▸ Work instruction
The listing below is to be written out word for word, minus its images.
Segment Start: Recorded information
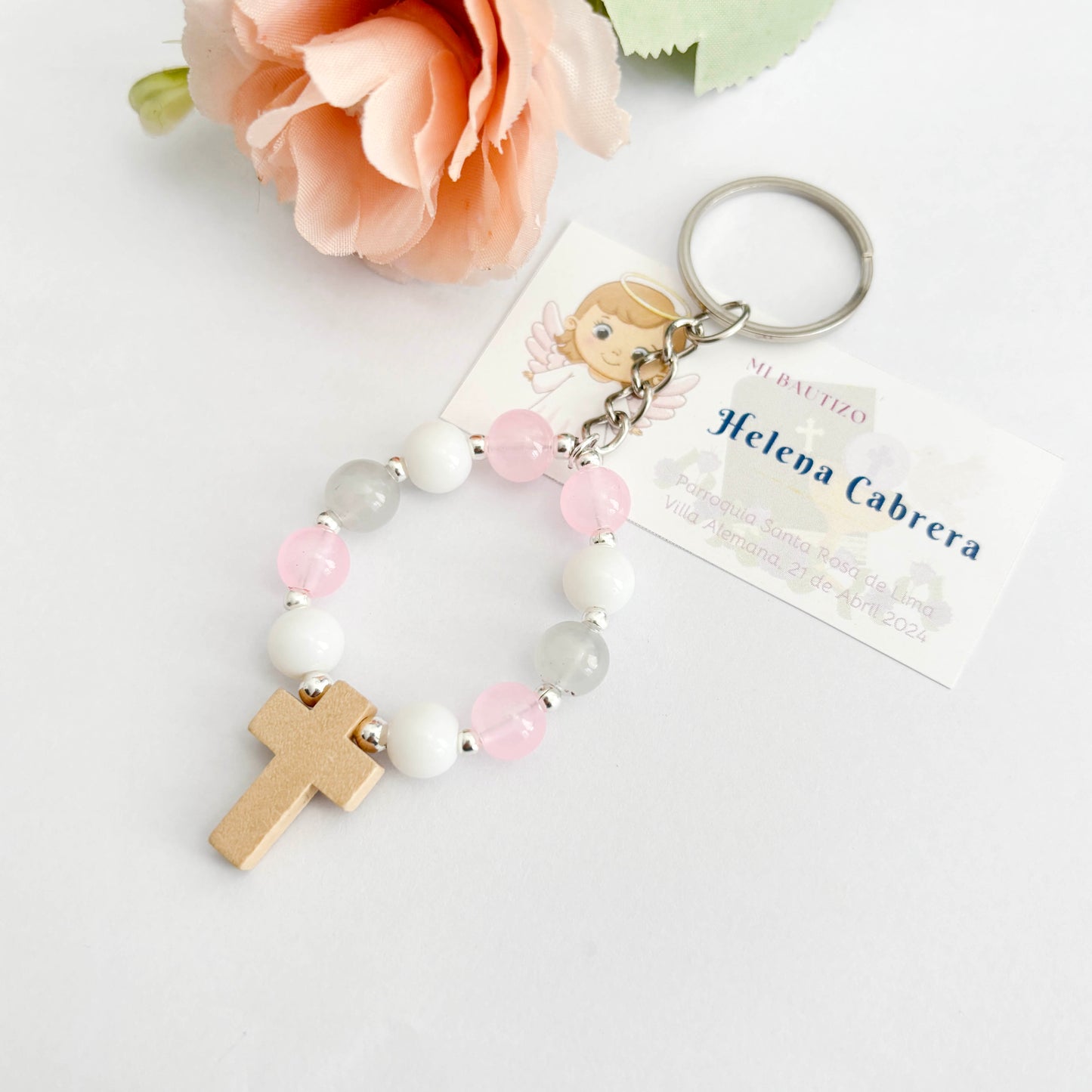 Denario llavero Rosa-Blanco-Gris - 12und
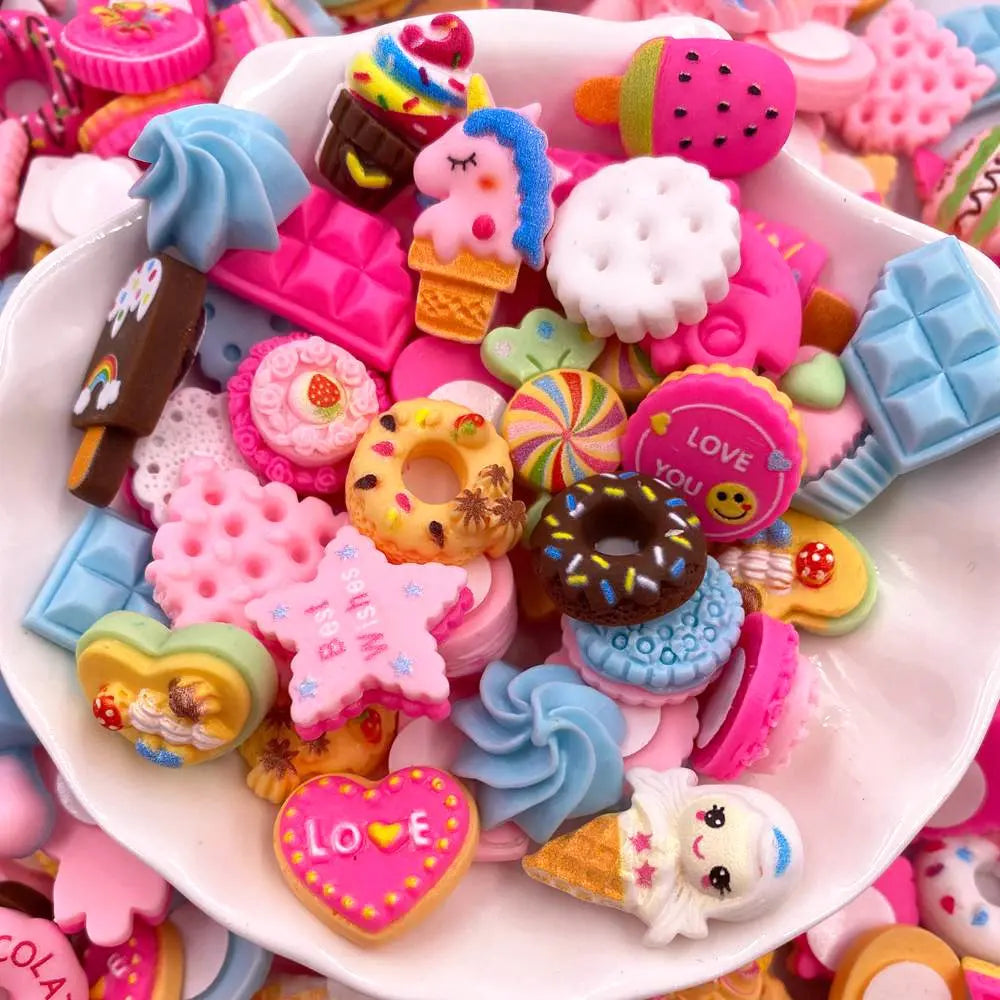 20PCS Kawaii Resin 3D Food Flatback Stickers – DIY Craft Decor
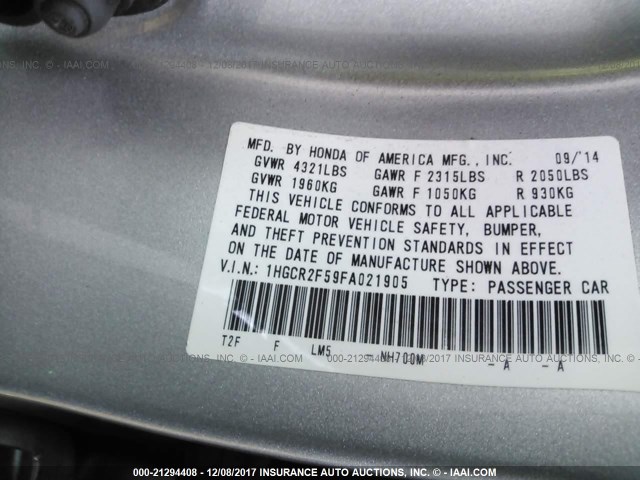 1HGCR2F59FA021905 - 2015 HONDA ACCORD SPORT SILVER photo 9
Segment End: Recorded information
▸ Response
 Denario llavero Rosa-Blanco-Gris - 12und
 20PCS Kawaii Resin 3D Food Flatback Stickers – DIY Craft Decor
 1HGCR2F59FA021905 - 2015 HONDA ACCORD SPORT SILVER photo 9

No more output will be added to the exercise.